Rainy or Shiny 横濱ラジオ亭日乗

モダンジャズ、ボーカルを流しています。営業日水木金土祝の13時〜19時
横浜市中区麦田町1-5

ベン・シャーン展の幸せ

2012-01-27 21:15:28 | その他
雪が積もった翌朝、都内、鎌倉、横須賀に住む友人たちとしめしあわせてベン・シャーン展にでかける。内陸の伊勢原付近で舞っていた小雪も保土ヶ谷バイパス付近を走っているとあとかたもなくなっている。逗子インター、逗葉道路経由で葉山・一色海岸沿いにある神奈川県立近代美術館・葉山館が目的地だ。まだ結婚前だったが、亡妻は横浜の繁華街に面した実家の一角で画廊喫茶を開いていた。実家の和菓子舗の軒先を借りていた関係でその名も「こづち画廊」と称してアマチュア画家の企画展等を開いていた。現代思想や戦後文学等への造詣は自分の方が小生意気にもブッキッシュだったが、現代絵画については亡妻が接触していた人脈から得た知識を「門前の小僧習わぬ経を読む」風に咀嚼しながら色々な画家が齎す表現と風合いを覚えていったものだ。ジェームス・アンソール、デビュッフェ、ホルスト・ヤンセン、フォンタナといったモダンアートの範疇に入る画家を知る過程でベン・シャーンの画業も断片的には知っていた。

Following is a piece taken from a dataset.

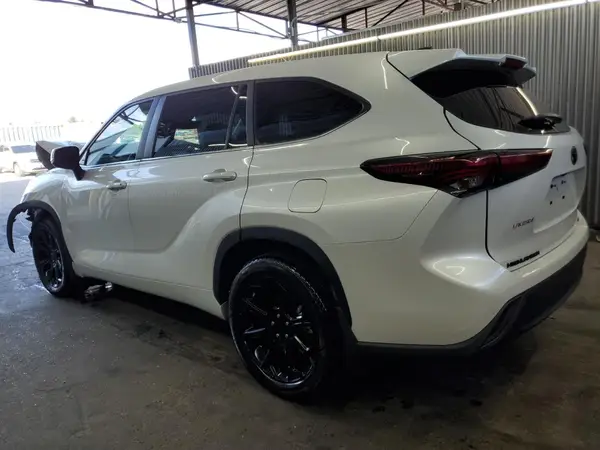5TDKDRAH2RS533662 2024 TOYOTA HIGHLANDER - Image 2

ベン・シャーンは20世紀の境目付近に生まれて192~30年代からリトグラフ、写真、グラフィックデザイン、絵画の諸分野を横断する仕事を重ねた人だ。今度の展示会はその軌跡を丁寧に追いかけた素晴らしい企画だと思う。写真家の江成常夫展を東京都写真美術館で観覧した直後にネット上でどなたか見識に溢れる人のブログを読んだ時の言葉を思い出す。「石原都政で唯一の善政は江成常夫展を実施できる写真美術館だ。。」たしかそんな趣旨だったが、なんだか捉えどころのない黒岩知事を擁する神奈川県も同様な無意識的な善政を施しているものとベン・シャーン展に行ってみて感心した。

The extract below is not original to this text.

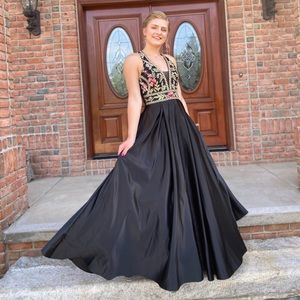 Meet your Posher, Zelie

海辺の静かな美術館に一時的に収まったベン・シャーンの膨大な画業から寄せてくる大きな感動を一言で言い表すのはとても困難だ。ユダヤ人移民の子で差別、貧困、大不況、戦争が日常茶飯だった20世紀半ばのアメリカで鍛え抜かれたベン・シャーンの視覚はどの作品もハードボイルドに対象を図太く射抜く。1930年代から頭角を現して後に活躍する写真家のウオーカー・エバンス、ジャズ写真で有名なウイリアム・クラクストン同様、対象は都市に這いつくばって生きている下層労働者、中西部の貧農、路上を遊戯場にする子供、荒涼とした都市建築物や田舎道の景観、どこにもアメリカの雑味成分なブルース感覚が溢れている。若年期からアメリカを感じる自分の三大アーティストである文学のヘミング・ウエイ、ジャズのスタン・ゲッツ、画家で写真家でもあるベン・シャーンにはいつも畏怖を感じてきた。晩年の叙情とアブストラクトを両義的にハーモナイズしたリルケの「マルテの手記」を素材にした詩的絵画の一群をまえにして思わず心の中に嗚咽が走ってしまった。「星屑とともに消え去った旅寝の夜々」などという美しいタイトルを見てしまったら、今宵はビル・チャーラップトリオやレスター・ヤングが奏でる「スターダスト」でも聴かずにはいられなくなってしまう。